'It hasn't sunk in yet': Jerusalem’s owner faces the loss of his restaurant

Jerusalem's is known for its simple, but iconic Middle Eastern food. They were among the first Middle Eastern restaurants in the Twin Cities.

Jerusalem's is known for its simple, but iconic Middle Eastern food. They were among the first Middle Eastern restaurants in the Twin Cities. Mecca Bos

Jerusalem’s Restaurant is the very definition of a mom-and-pop shop.

The 37-year-old Middle Eastern institution is a little ragged around the edges, with dusty, billowing fabrics stapled above to conceal what is likely a dodgy drop ceiling, and a bathroom you can only reach by walking through the tiny kitchen.

Still, it’s a beloved old establishment, a touchstone for those of us who remember the Minneapolis restaurant scene before new restaurant announcements were made every week. As far as I’m concerned, their lemon soup is one of the iconic dishes of Minneapolis.

But on March 10, Saleh Azem received notice from his landlord that he had until September 10 to vacate the premises. The property had been sold to a developer who would build a mixed-use affordable housing development at Nicollet and 15th Street East.

While Azem understands that the language in his lease makes the demand a legal one, it’s little salve when he contemplates the fate of his business, which has been in his hands for 22 years.

Azem bought the business from his friend Ishmael Mubarak, who opened the it in 1980 in a St. Paul location, then moved it to its current spot, with the distinctive domed architecture, in 1982.
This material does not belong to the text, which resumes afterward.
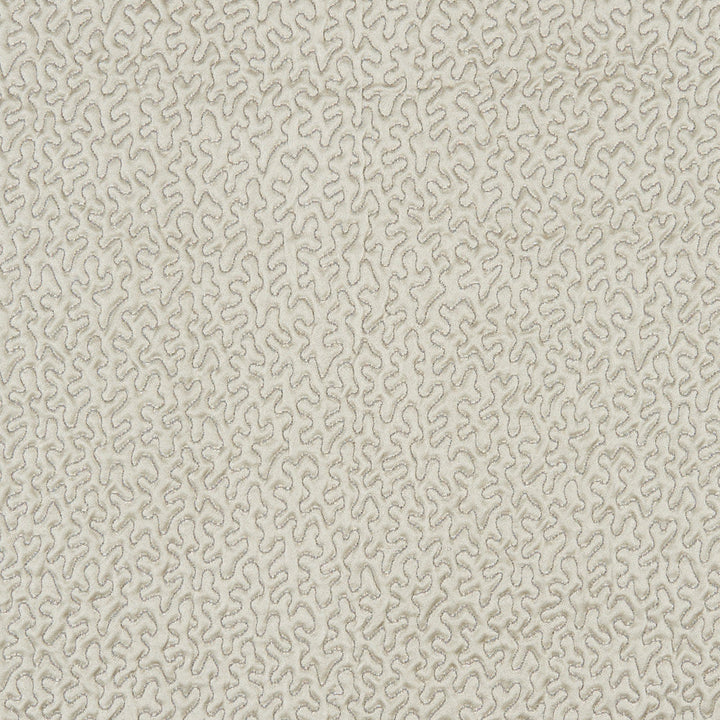 MALDIVES 93J7861 by JF Designer Fabric Chromium Featuring Crypton Home 58% Polyester, 42% Olefin United States  Horizontal: 9.25 and Vertical: 8.75 55  - Swanky Fabrics -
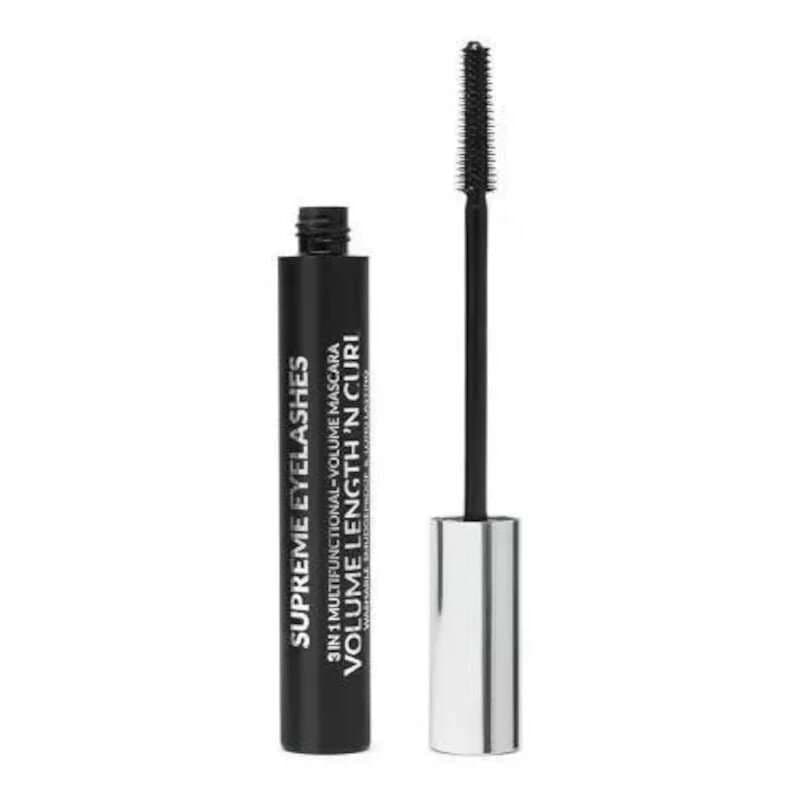 SAMY Mascara Multifuncional Supreme Eyelashes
Azem is a graduate of the hotel and restaurant management program at University of Wisconsin-Stout, and this business is all he knows. He says he’s been with the restaurant in one form or another all of his adult life.
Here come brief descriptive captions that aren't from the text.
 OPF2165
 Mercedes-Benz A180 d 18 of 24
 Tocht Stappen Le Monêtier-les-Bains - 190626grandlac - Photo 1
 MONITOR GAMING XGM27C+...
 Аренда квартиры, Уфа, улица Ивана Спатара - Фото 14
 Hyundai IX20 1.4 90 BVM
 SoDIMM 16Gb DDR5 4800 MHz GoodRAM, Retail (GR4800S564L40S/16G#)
Indeed, the place feels a bit like somebody’s dimly lit living room, with its many tchotchkes, a wall tapestry of a buxom belly dancer, and potted plants absorbing what little natural light flows into the room.

“You’re cooking food, but the end result is people. Abut 90 percent are regulars and friends. You develop a relationship. It’s a part of your life. It is your life,” says Azem, leaning back in a dining room chair with a hot mug, greeting customers as they come and go. One man stops to ask about the sale. He says he'll keep his fingers crossed. 
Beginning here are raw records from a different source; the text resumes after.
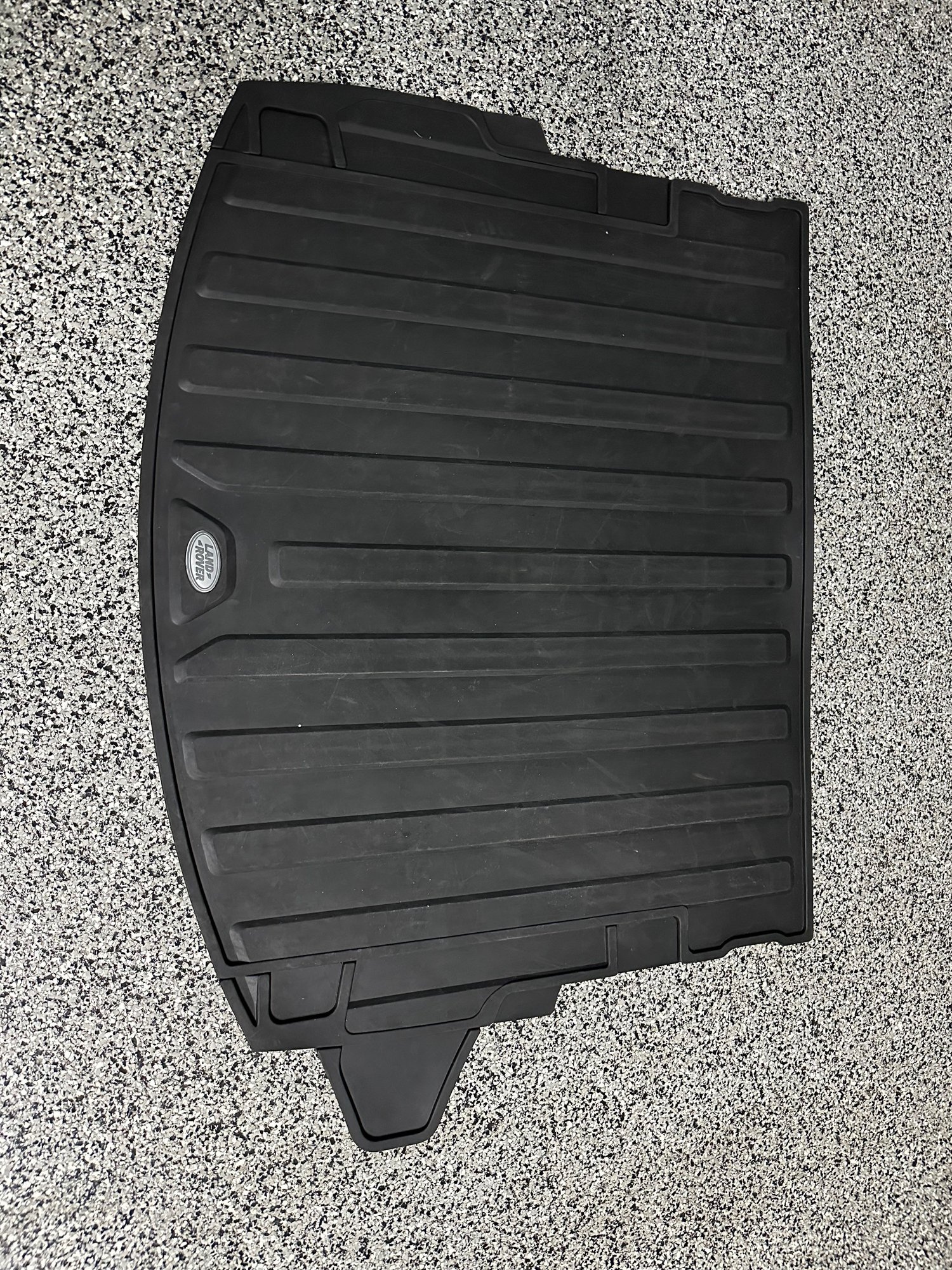 2018 Land Rover Discovery Sport - VPLCS0279 L550 Land Rover Discovery Sport Loadspace Mat - Accessories - $90 - Buckeye, AZ 85396, United States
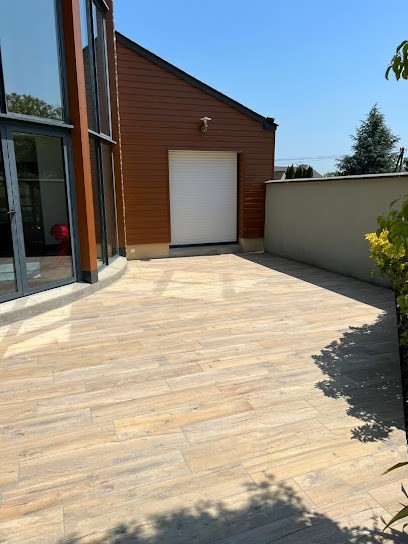 Rance Plomberie, Plombier à La Ville-ès-Nonais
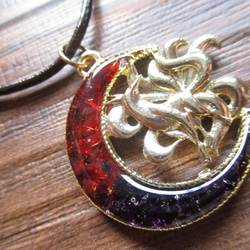 キツネ（狐） ネックレス・ペンダント の人気通販｜Creema(クリーマ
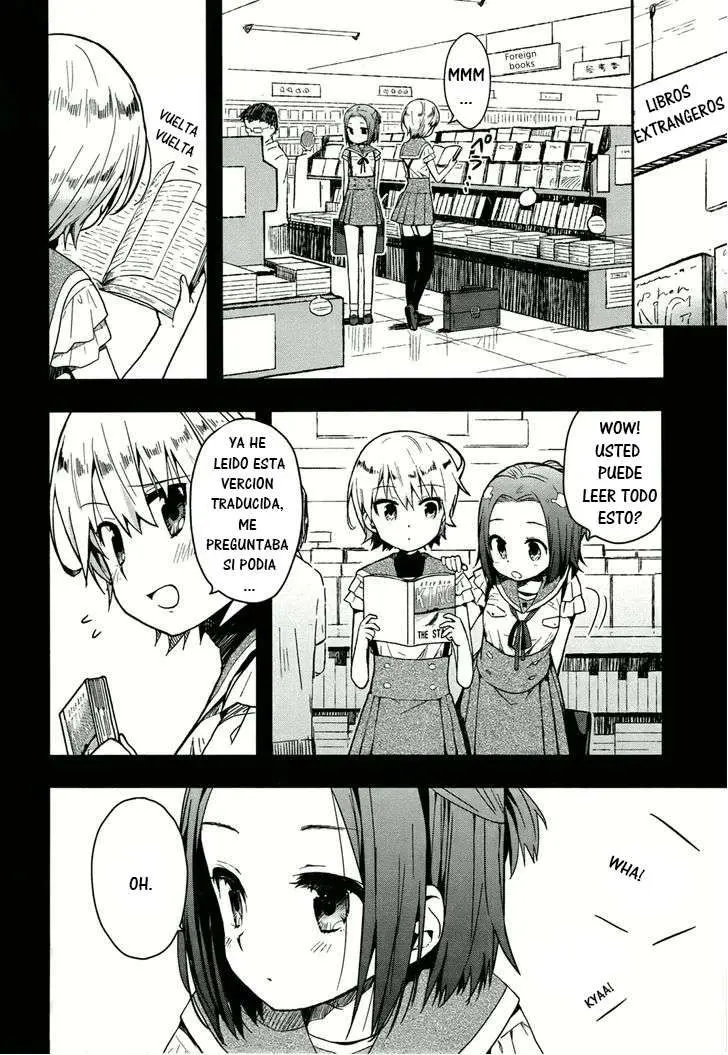 Gakkou Gurashi! (2012) - Capítulo 7 - Página 13 - LectorTMOo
“See?” asks Azem, throwing up his hands.

The Loring Park neighborhood association Citizens for a Loring Park Community says they are rooting for Jerusalem’s to get a space in the new development. Azem says that his City Council member, Lisa Goodman, is pushing for the same. It’s far from any guarantee, says Azem, and even if he were granted a space, the expense of such a proposition is in itself daunting.

“That’s all fine and dandy, but they give you walls. To establish a place from zero, that’s a lot of money.”

City Pages reached out to the developer of the project, Dominium Apartments, to see if they had a plan to include Jerusalem’s in the new project, but they did not respond. Azem says he’s contacted them twice and has been told that they would “get back to him.”

He added that he never received any personal correspondence from the landlord of the property, either, and said that it feels like “We don’t mean a damn thing to this guy.” We did reach the landlord, Barry Anderson, and he said that the building has been for sale for years, that Azem knew that, and that the plan to sell is “nothing personal.”

It feels personal to Azem, who runs the kitchen while his wife, Duaa, zig-zags around the tiny room handling the tables and the cash register.

“This is a solid business. A lot of customers have been coming in since they were two years old. They’re big now and have kids of their own! You can’t just bury the Jerusalem’s name. People go and check out other Middle Eastern restaurants, but they always come back here.”

He’s been notified that after he vacates the building, it will take around 18 months for the new development to go up, and he doesn’t know what he plans to do in the meantime, even if he gets a new space there.

“This isn’t about being confrontational.... It’s your life. You’re here seven days a week. It hasn’t sunk in yet. It’s not going to be easy."

Jerusalem’s will close at the end of August.